Any Windows OS (except for Server 2008 R2 Datacenter) will require a 3rd part iSCSI app to enable iSCSI.


----------



## W4LNUT5

Well would you prefer a SAN or a NAS? They are slightly different.

For a NAS server, I use FreeNAS as my OS of choice. Really easy to use, and configuration is done mostly by a web interface. BUT, I don't know how well it interacts with PERC cards (I'd imagine it would be fine though)


----------



## sofakng

OpenFiler looks nice but I just realized I'd need to re-initialize my GPT/NTFS array and start over. Does it use a proprietary file system or something?

I'm not sure the difference between NAS and SAN. When I think of SAN I think of iSCSI and when I think of NAS I think of SMB/NFS. I was originally looking at OpenFiler because it appears to support both (so it's both a SAN and a NAS?) but I don't like needed to switch from my NTFS file system.

Also, management of the PERC card is a must... (so I can tell if a drive drops out of the array, etc)


----------



## W4LNUT5

The differences are in how they accomplish the same thing (Network Storage). It sounds like you are looking for NAS.

http://compnetworking.about.com/od/n...san-vs-nas.htm

I know FreeNAS likes you to use UFS. But I'm sure you would be able to use GPT/NTFS with it.

Here's a vid for







YouTube- Step by Step How to Make a FreeNAS Box that I used when setting up mine.

I don't know anything about Openfiler, so I can't help out with that route.

Edit: Since I didn't know anything about Openfiler, here is some info comparing the two

http://forums.whirlpool.net.au/forum...m/1044311.html
http://blog.patyuen.com/lessons/tech...-your-own-nas/


----------



## sofakng

OK - If a SAN typically uses Fibre Channel and other "enterprise" technologies than it sounds like I want a NAS. (they both sound awfully similar though)

FreeNAS looks nice and the Wikipedia page says it supports both NTFS and GPT. I'm not sure on the MegaRAID (eg. PERC management) compatibility though).

Any idea how FreeNAS compares to Windows Server 2008 R2 with the file server role?


----------



## ComGuards

Quote:


Originally Posted by *sofakng* 
OpenFiler looks nice but I just realized I'd need to re-initialize my GPT/NTFS array and start over. Does it use a proprietary file system or something?
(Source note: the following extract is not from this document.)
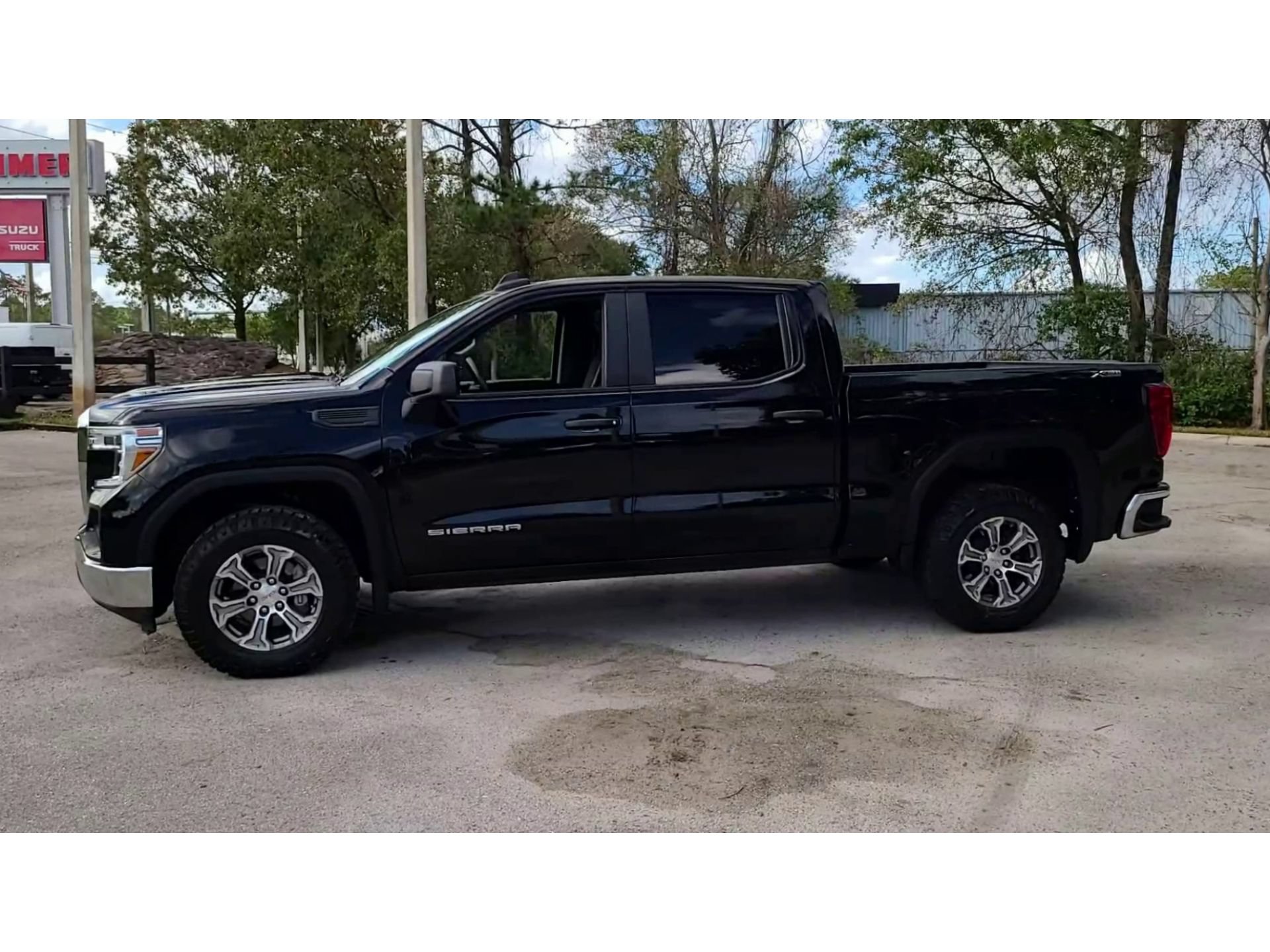 Used 2021 GMC Sierra 1500 4x4 Crew Cab w/ Sierra Value Package image 6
I'm not sure the difference between NAS and SAN. When I think of SAN I think of iSCSI and when I think of NAS I think of SMB/NFS. I was originally looking at OpenFiler because it appears to support both (so it's both a SAN and a NAS?) but I don't like needed to switch from my NTFS file system.

Also, management of the PERC card is a must... (so I can tell if a drive drops out of the array, etc)

You don't "give up" NTFS when going with iSCSI.

iSCSI is meant to be an inexpensive alternative (comparatively) to expensive fiber-channel SAN implementations.

In Openfiler, you enable iSCSI support, create an iSCSI drive, connect to the iSCSI device from the server, and then create and format a new NTFS volume as you would any other Windows disk.

You can format an iSCSI target with all of the same file system types as you would any other normal hard-drive.

You should expect to have to do _some_ kind of array / partition modification if you are switching operating systems.

Also, there are other considerations you need to take into account when adding an iSCSI datastore to an ESX(i) system. Mainly power and redundancy. If this is for a development network, then it's not too big of a problem; but if you have any data you plan on storing that's irreplaceable or difficult to replace, you may wish to reconsider.

iSCSI / NFS requires high-availability on the network connections, for one thing. You need to ensure that data communication between the ESX(i) server and the NAS/SAN device can be maintained - this usually means UPS battery backup systems _minimum_ on your network switches AND the NAS / SAN device, otherwise you run the risk of serious virtual machine or virtual disk corruption should a power outage occur, or communication is otherwise dropped between the devices.

There are other considerations in a production environment, but I don't feel it necessary to elaborate here...

I'd probably suggest you invest in better internal storage on your ESX(i) server....


----------



## sofakng

Hmmm, I didn't really think about the high-availability requirement of iSCSI and what would happen if the connection is lost. I suppose it makes sense that there would be file corruption since it's working at such a low-level on the hard drive. (eg. with SMB/NFS I would think the file just wouldn't be saved if a connection problem occured)

Does NFS really have that same problem?


----------



## ComGuards

Quote:


Originally Posted by *sofakng* 
Hmmm, I didn't really think about the high-availability requirement of iSCSI and what would happen if the connection is lost. I suppose it makes sense that there would be file corruption since it's working at such a low-level on the hard drive. (eg. with SMB/NFS I would think the file just wouldn't be saved if a connection problem occured)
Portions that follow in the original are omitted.